Employers’ impunity is reinforced by workers’ invisibility. Media rarely talks about farmworkers, reporting far more often on how crops are rotting than on laborers’ working conditions. The majority of Americans don’t know that 423 farm workers died from heat stress between 1992 and 2006, nor that agriculture is the third most fatal industrial sector in the United States. Growers are not even legally obligated to inform workers of their rights or their legal obligations to pay taxes. Unknown rights cannot be exercised.

Just Alternatives

To protect the workers who put food on American tables, we need policy that centers immigrant farm labor and addresses the effects of immigration policy as labor policy on wages and labor conditions.

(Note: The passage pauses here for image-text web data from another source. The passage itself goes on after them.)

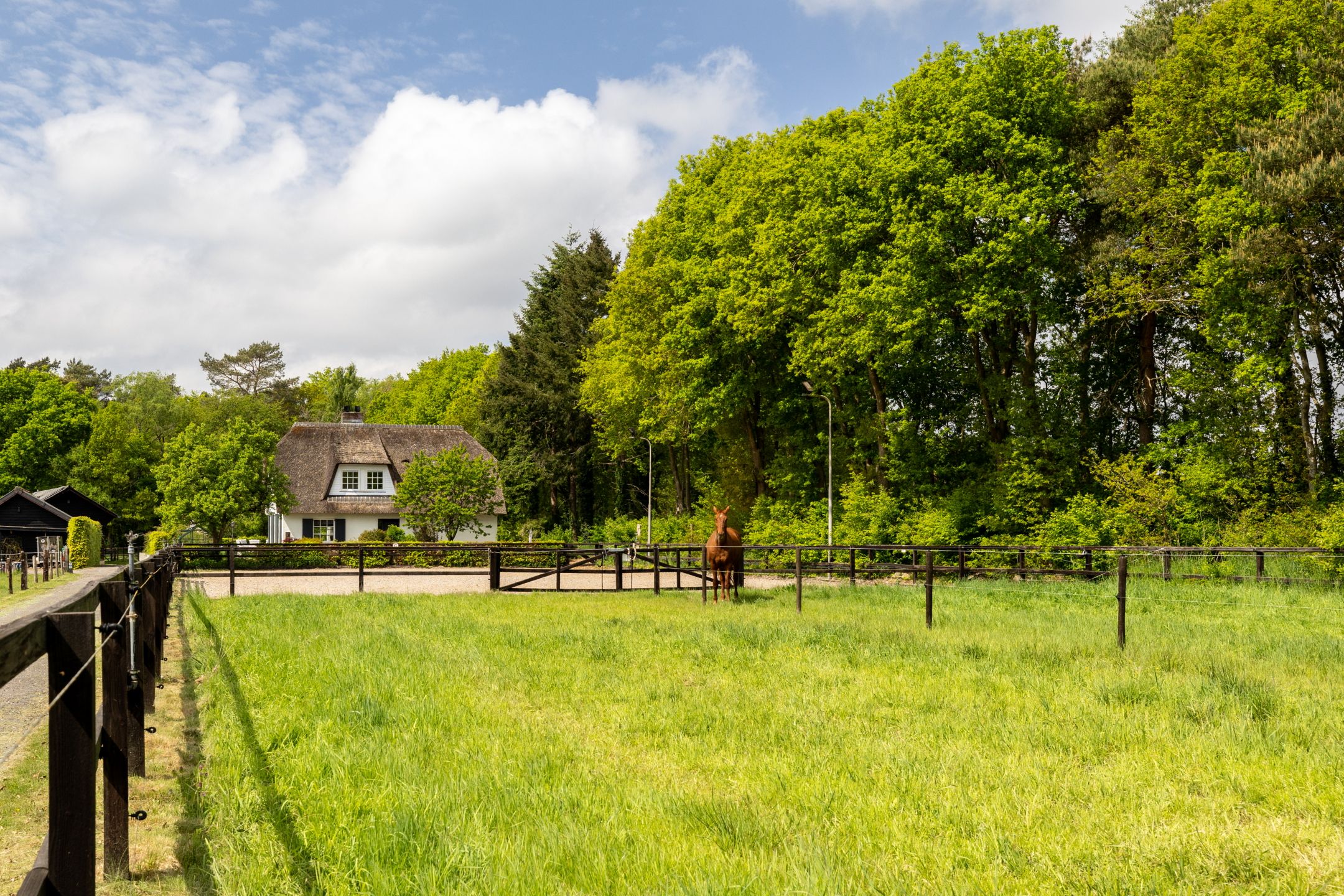 Foto 12 van Middenweg 54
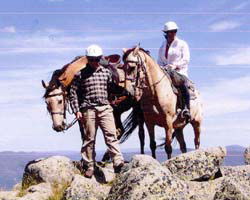 High Country Horses - Accommodation QLD 3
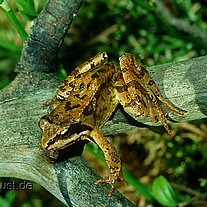 Laubfrosch Laubfrosch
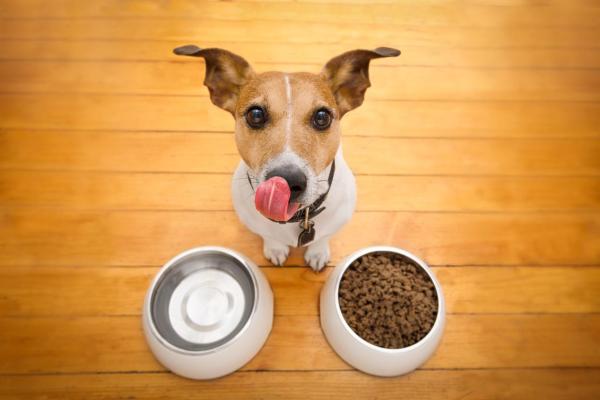¿Debería agregar agua a la comida seca para perros? - ¿Por qué deberías mezclar agua con comida seca para perros?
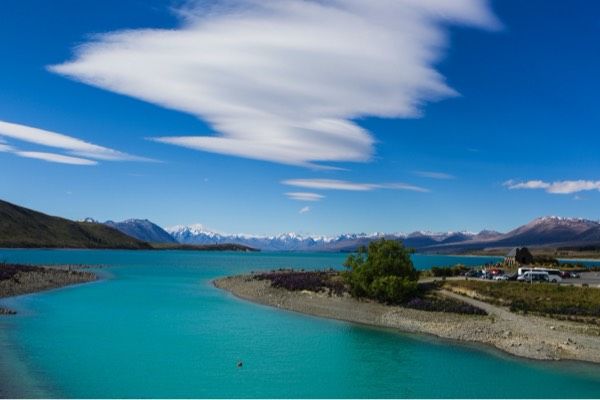 nz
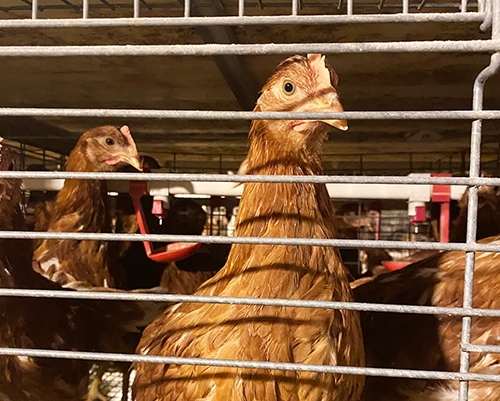  60日青年鸡价格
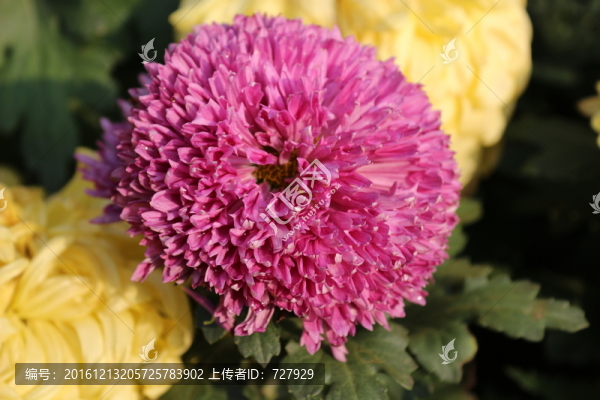 菊花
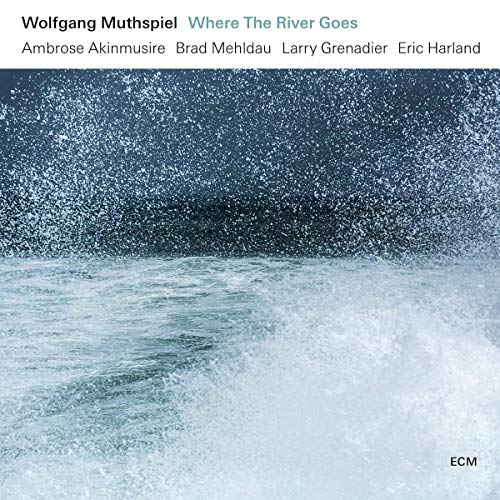 Wolfgang Muthspiel - Where The River Goes - Import LP Record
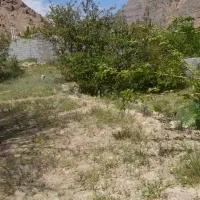 زمین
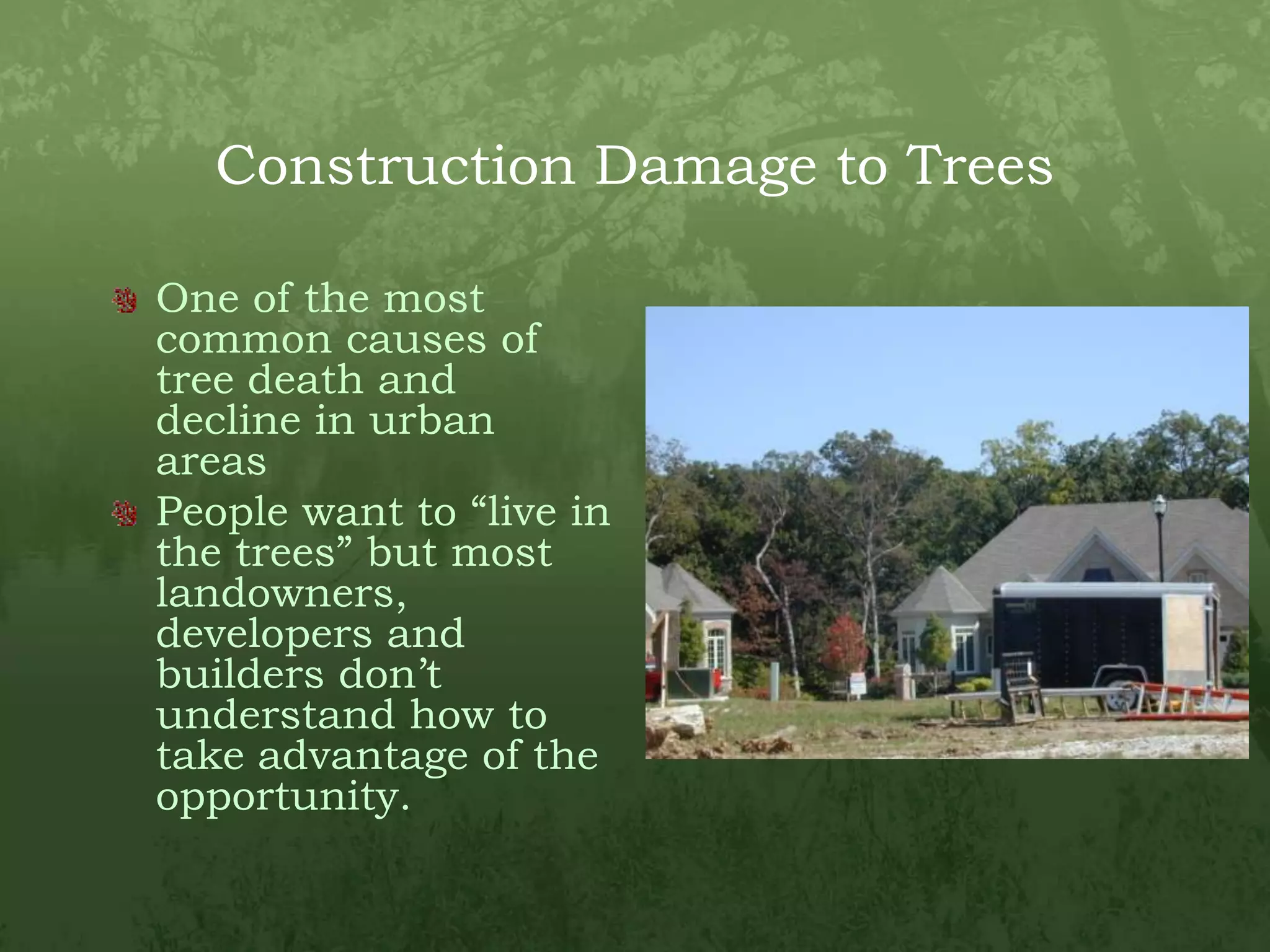 Construction Damage to TreesOne of the most common causes of tree death and decline in urban areasPeople want to “live in the trees” but most landowners, developers and builders don’t understand how to take advantage of the opportunity.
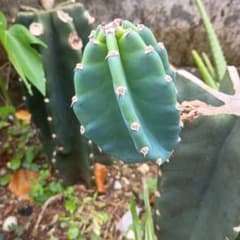サボテン 鬼面角 沖縄育ちのサムネイル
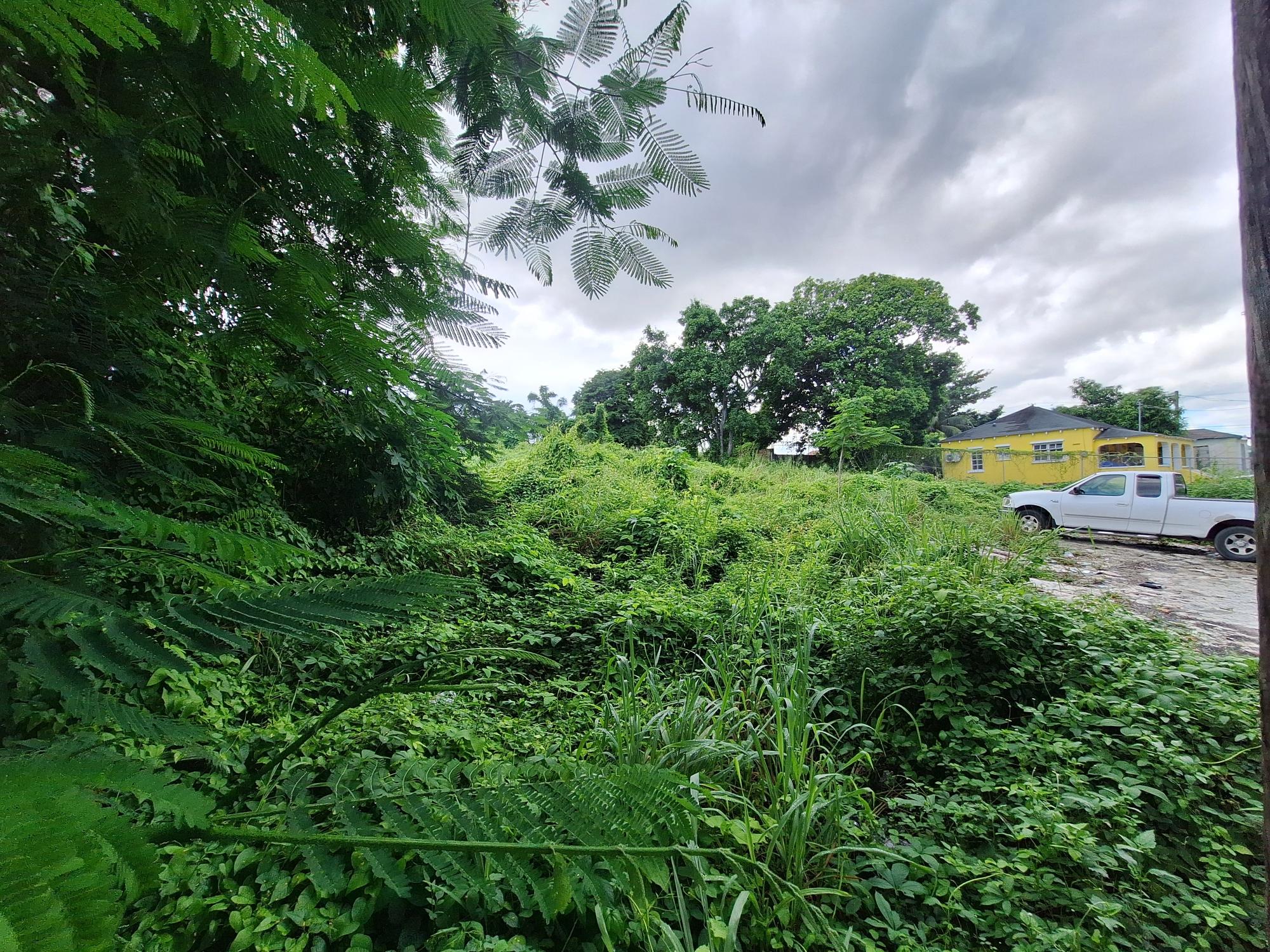 Kemp Road 1/2 Acre Lot Property Photo 1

The first step is to increase funding for enforcement of existing labor regulations and rights. In many states, there are no regulators to enforce minimum wage violations, and an underfunded federal Department of Labor does not have the capacity to enforce the rules. Enforcement has, instead, devolved to a network of non-governmental organizations, like Farmworker Ministries, that are chronically underfunded, rely on volunteers, and have no regulatory powers. Increased funding for both regulators and non-governmental organizations, especially to hire labor lawyers to represent workers, would increase worker power with regard to the gatekeepers that broker their rights and their employers.

Next, we should strengthen farm worker protections and standards. While the Occupation Safety and Health Administration mandates the supply of water and 15-minute breaks in a shaded area, the breaks are only mandatory above 103° F. By implementing stricter standards for labor conditions, OSHA could drastically reduce farm worker injuries and fatalities. Further, higher standards in housing and sanitation will provide for better quality of life for these temporary workers.

Other proposals should address worker autonomy. Currently, the H-2A laborer is contractually tied to a given employer. Even if that employer refuses to pay their workers during poor harvests, those workers can’t seek other employment. To do so would mean violating their visa and becoming deportable. According to Farmworker Justice, by de-linking the H-2A worker from a specific employer, workers gain the autonomy to exercise their labor rights, like free contracting and unionizing.

A final, crucial step toward farm labor reform is the Agricultural Worker Program Act, which would provide a path toward legalizing status and citizenship for migrant workers. Creating a formal and open process toward legal status would undermine the use of deportation, strengthen the farm workers’ capacity to exercise their labor rights, and actualize the universal right to free movement.